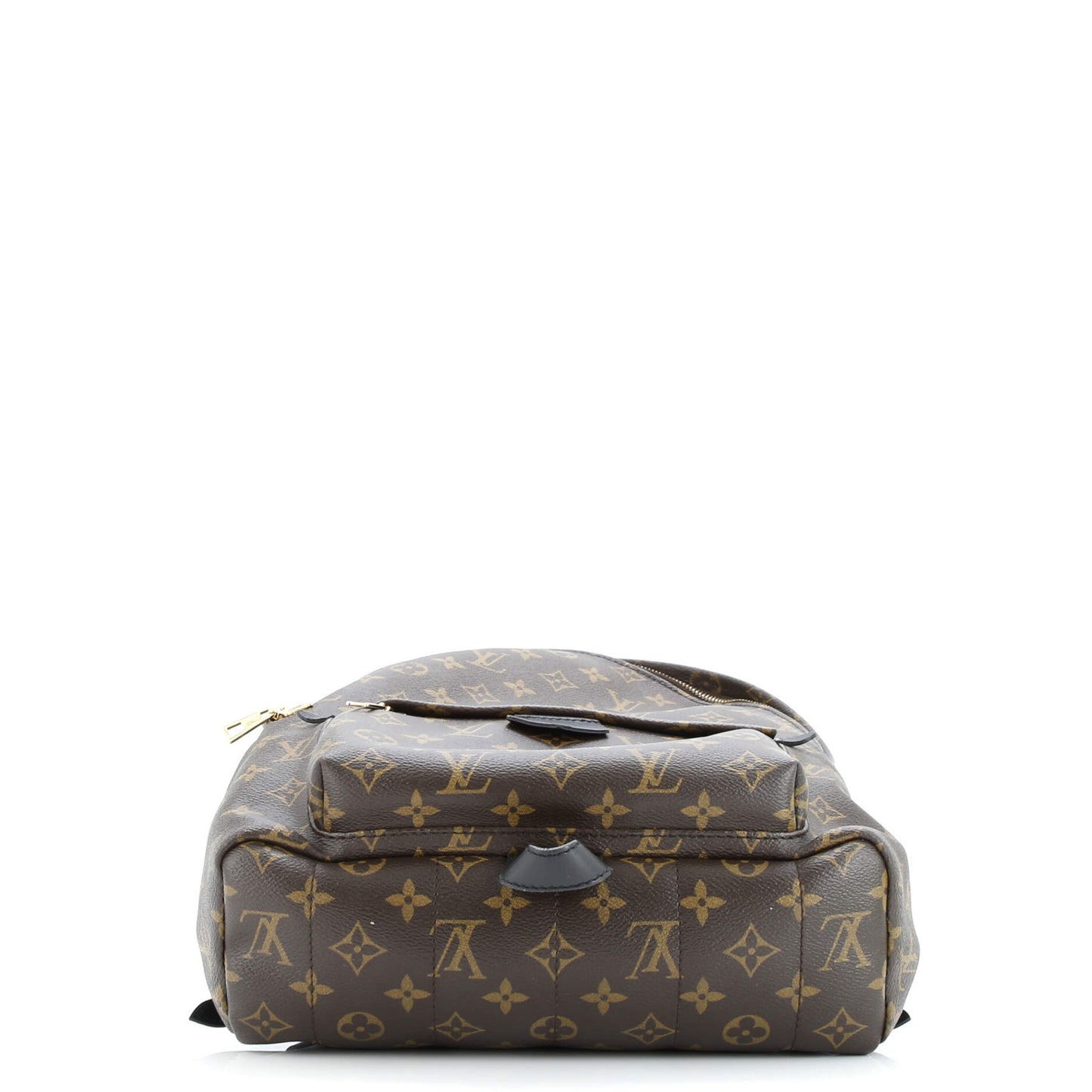 Louis Vuitton Palm Springs Backpack Monogram Canvas Mm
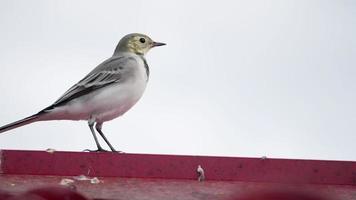 un pequeño pájaro cola blanca, motacilla alba, caminando sobre un techo y comiendo bichos video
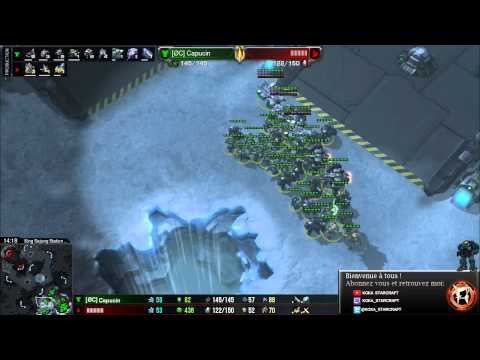 [SC020] Coaching de Capucin - Joueur Terran Diamant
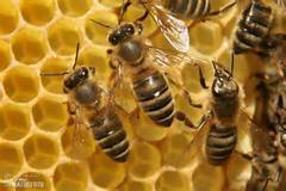 Several bees crawling on a honeycomb.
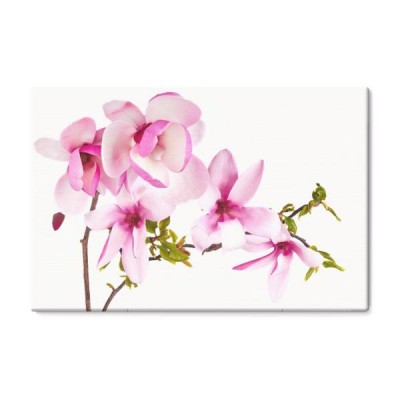 rozowy-kwiat-magnolii-na-bialym-tle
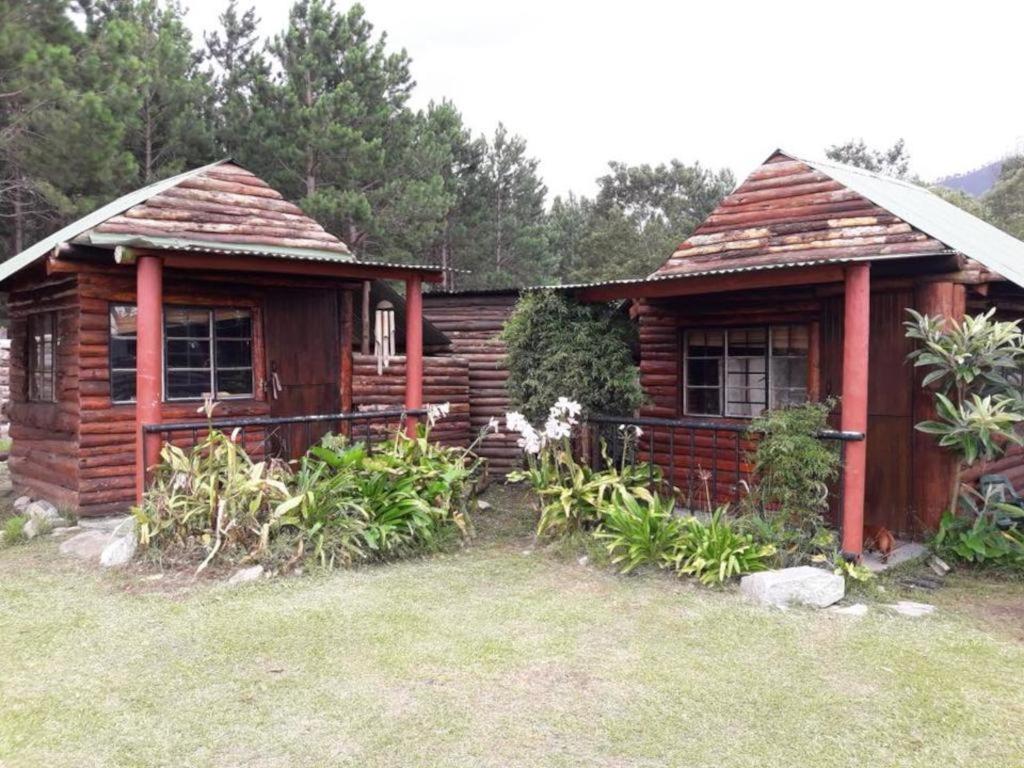Tsitsikamma Wolf Sanctuary ECO Cabins & Teepees view 2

——

» **Activity**:
Set the pictures aside and repeat only the lines from the one containing "rozowy-kwiat-magnolii-na-bialym-tle" through the last line of the entries above, exactly as they stand.

» **Answer space**:
 rozowy-kwiat-magnolii-na-bialym-tle
Tsitsikamma Wolf Sanctuary ECO Cabins & Teepees view 2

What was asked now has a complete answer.